When reviewing this section, please follow along with the OM Program Guide. Coaching an Odyssey of the Mind team provides many rewarding opportunities. Among them, you will:

  • see kids grow and become engaged in their learning.
  • witness individuals grow as a team.
  • become involved in the education of kids.
  • learn more about what kids are thinking and what appeals to them.
  • watch as kids develop their thinking skills while improving self-esteem and confidence.

Roles of a Coach

  • Facilitate a team without doing the work for the team. Stand back and watch while the team members make all the decisions regarding the problem solution.
  • Interact with the team to improve the way the team identifies and solves problems.
  • Make sure all team members are involved in the process of issue identification, idea generation, solution finding and solution presentation.
  • Provide the impetus for the team to develop strategies, generate ideas, evaluate options or reach a decision. This is done in brainstorming sessions and the like.
  • Encourage the team members to produce fresh ideas, to think “out-of-the-box,” to work cooperatively together, and to better communication among themselves.
  • Provide a safe environment with no criticism of team members as they develop their solution.
  • Stay well informed of all problem rules and program guidelines and pass the information on to the team members.
  • Develop a timeline working backwards from the competition date, including holidays and school breaks, and make sure the team sticks to the timeline.

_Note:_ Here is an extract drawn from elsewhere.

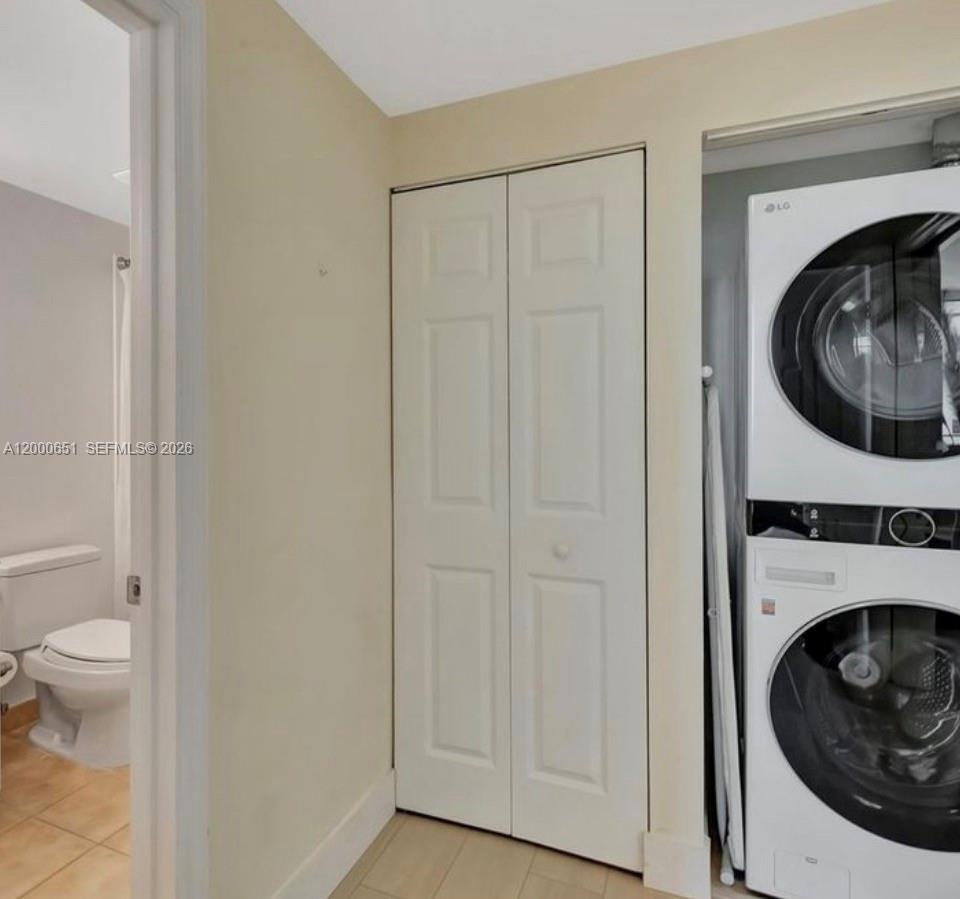 PUERTA DE PALMAS CONDO - Residential Lease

Participants' Rights and Responsibilities

Rights Responsibilities
1) To Learn

1) Not to deny other students their right to learn

 

2) To be safe

2) To act in ways which do not threaten, scare or injure others

 

3) To a clean building

3) Not to litter in the building and to clean up after yourself

 

4) To get help from your coaches

4) To ask for help in a polite manner and at a time that does not deny others to a fair chance to get help

 

5) To be respected by others

5) To respect each other and your coaches

 

6) To a set of rules that are applied in a fair and equal manner

6) To obey the rules and expect that others will also

 

Tips for Selecting a Team (OM Program Guide, Page 8)

Get recommendations from teachers.
Seek out kids with special skills and interests such as building, singing, acting, and so on.
Conduct tryouts using spontaneous problems or find enough coaches to allow all students to participate.
Post a sign-up list. If more than seven students per problem and division participate, have an intramural competition to choose which team will represent the school in official competition, OR purchase additional memberships according to the number of teams.
Remember that you should have at least five, but no more than seven, team members on each team.

Hold a Parent Meeting

  • Explain the program
    1. It’s a hands-on program for kids and a hands-off program for adults. Review rules for outside assistance.
    2. Children are encouraged to take risks without fear of criticism.
  • Explain the team’s problem, including Spirit of the Problem, Limitations, and Scoring.
  • Explain that they can help by understanding that participation requires commitment of both child and parent.
    1. Serving as co-coaches.
    2. Teaching skills needed by the team, e.g. sewing and welding. The rule is: “If you can find it in a book, someone can teach the skill.”
    3. Seeking the help of friends that could teach skills the team needs to learn.
    4. Taking turns hosting practice sessions and providing refreshments.
    5. Chaperoning the team at competitions.
    6. Donating materials (paint, cardboard, etc) to be used in the solution.
    7. Providing transportation to get materials, for field trips, and to tournaments.
    8. Serving as judges or officials at the tournaments.

Solving the Problem

  • Encourage team members to read and re-read the problem and the OM Program Guide.
  • If the team members have problems reading the materials the coach should read and re-read the material to them.
  • Assign different team members to be responsible for different parts of the problem (Limitations, Scoring, problem statement). These team members should be able to answer questions about their areas or be responsible for finding the answer.
  • Everyone must understand the problem. The entire problem may need to be broken down and considered in separate brainstorming sessions, that is, one session to decide on the theme, one for Style, another for props, and still another for the script.
  • The team must understand the rules for safety and damage control as listed in the General Rules section of the OM Program Guide, pages 36-43.
  • If necessary, use the Clarification Process (OM Program Guide, pages 24-25). Clarification requests are answered only by Odyssey of the Mind International headquarters. Questions about tournament conditions should be directed to the local tournament director. Check all published Clarifications before each competition.
  • Submit all clarifications on a Problem Clarification Form (found in the OM Program Guide, Appendix) or by e-mail. Check the website regularly for clarification updates.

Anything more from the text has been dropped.